А потом Дынька не пришла в школу восемь дней подряд. Я в библиотеку, а там — замок. Никто из ребят не знает, что с девочкой. Делать нечего, отправился прямым ходом к Седяевым. Но меня и во двор не допустили. Наверное, увидели, что я шел к ним. Вот и приставили ворота доской. А потом и хозяин вылез. Он взглянул на меня, как на муху, захохотал:

— Здорово живем, паралитик! — Это намек на больную ногу, я тогда сильно хромал, правая нога почти не сгибалась — колол дрова своей Шелеповой и пришиб колено. — Чего-о, ворота не нравятся? А мне они нравятся! — Это снова ко мне, хотя я уже повернулся в другую сторону. — Приходи еще раз. Жена моя сильно соскучилась. — Он издевался надо мной, как хотел.

— А зачем Ольга-то за такого держалась? Ведь видно все — прямо в зеркале... — Я не утерпел и прервал Женю на полуслове.

— Кто их, женщин, поймет. Они боятся быть одинокими...

— Ну, ты хоть в чем-нибудь грешен был? Ну хоть маленько, со спичечный коробок? — Он сразу надул губы, обиделся. А я про себя улыбнулся — эх ты, святой Евгений, святой Евгений. Какой ты был — такой остался. Красна девица гусей пасла. Но вслух сказал о другом: — Ладно, прости меня, пошляка.

— А ты не извиняйся. Раз ты прямо спросил, я тебе прямо отвечу. Привязался я к ним, как к родным. Особенно к этой, к маленькой. И жаль ее, тяжело...

— С жалости-то все начинается. Значит, влюбился в библиотекаршу?

— Зачем ты так? Прямо ногами бьешь...

— Нет, ты уж ответь.

— Не знаю... А может, это просто по-человечески... Сидишь, бывало, в библиотеке, приткнешься где-нибудь в уголке и вроде книгу листаешь, вроде даже что-то выписываешь, а сам весь там, где она.

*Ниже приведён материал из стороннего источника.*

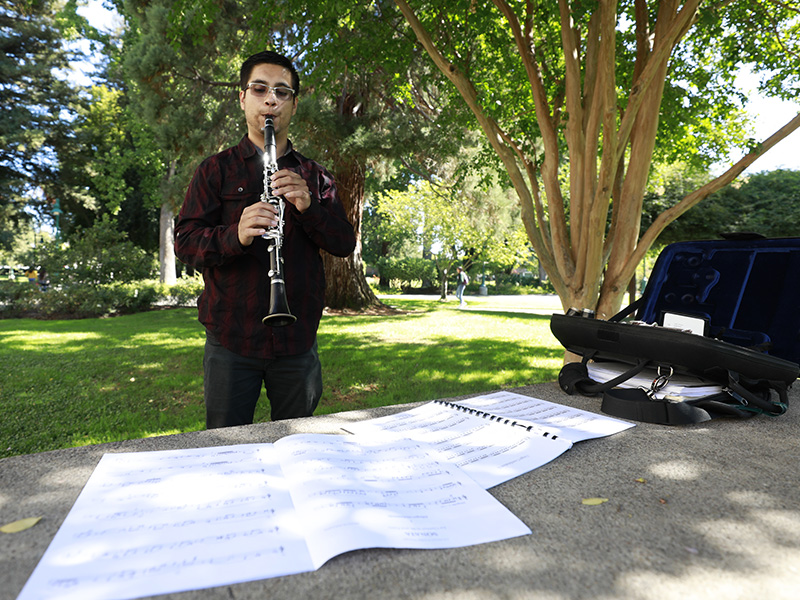 Luis Cruz playing clarinet.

И такое тебя тепло охватит, жжет всего — так что это? Любовь-то, она поспокойнее...

— Может быть, может быть... — Я рассмеялся и он тоже, и этот смех сблизил нас, и я уж совсем забыл, сколько времени мы у реки, почему разлеглись под тополем. А Женя снова меня повел:

— И та, маленькая, все ближе ко мне, все ближе. Только подниму глаза от журнала, так и наткнусь на нее. А то сидит задумчивая, улыбается; спросишь — она как не слышит. А время уже наступало холодное, зимнее, пришел ноябрь, выпал желтый снежок. Он был, действительно, какого-то желтого, смутного цвета, какой-то непрочный. Пролежал ровно сутки и растаял, как не бывало. А потом начались ветра, а с ними такая тоска пришла, что я часто думал — схожу с ума. И только вечера выручали. Днем-то в школе, а вечерами я, конечно, в библиотеке. Как-то поручили мне доклад сделать о Пушкине перед населением Песчанки. Хорошее дело, конечно. Правда, кое-кому бы не о Пушкине лучше, а о том, как пить вредно, как деньги тратить с умом...

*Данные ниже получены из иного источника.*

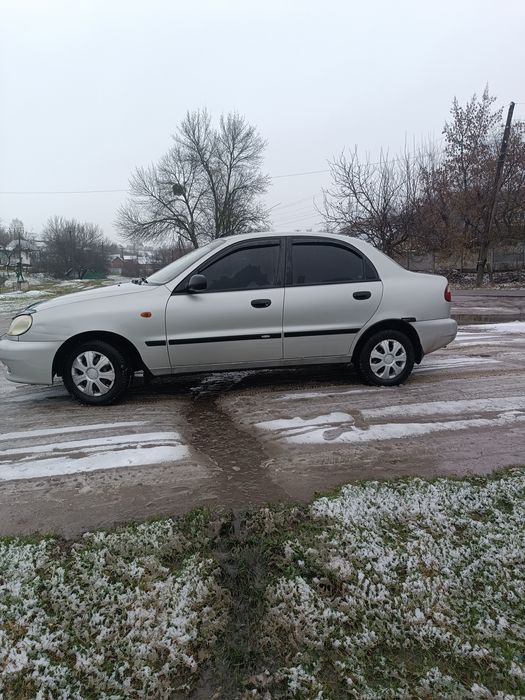 Продам авто ланос 1.5 газ бензин (газ вписаний в тех паспорт) • Авто підготовлено до зими • Замінено масла,фільтра,ГРМ,глушник,промита пічка,встановлено термостат 92 градуси,замінений антифриз,стоїть хороша зимова гума • Вкладень на даний момент не потребує! • Можливий обмін на інше авто без доплати або в якості доплати ще є Опель кадет газ бензин,моноінжектор 1.4,в нормальному робочому стані.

— Но ты о докладе начал...

— А я знаю. Этот доклад мне здорово обошелся... Решил я сделать его по-ученому, пусть, мол, думают, что новый-то учитель у них не хухры-мухры. Захотелось мне побольше рассказать о личной жизни поэта, захотелось письма его привести. Вот и собрался снова в библиотеку. И сразу нашел, что надо. Но все равно грех попутал. Да какой, правда, грех? Начал читать Ольге одно из писем — ну просто выдержку зацепил: «Пожалуйста, мой друг, не езди в Калугу. С кем там тебе знаться? С губернаторшей?» Особенно Ольгу заинтересовало, что Пушкин называл Наталью Николаевну простым русским словом «женка». Одно письмо его прочитал, она и второе запросила, потом и за третье взялись. А время идет. Когда тебе хорошо, то и гремя — не время. Вот и засиделись. И только часы одиннадцать прогудели, как в дверь — стук, ломится кто-то так, будто доски топором отрывает.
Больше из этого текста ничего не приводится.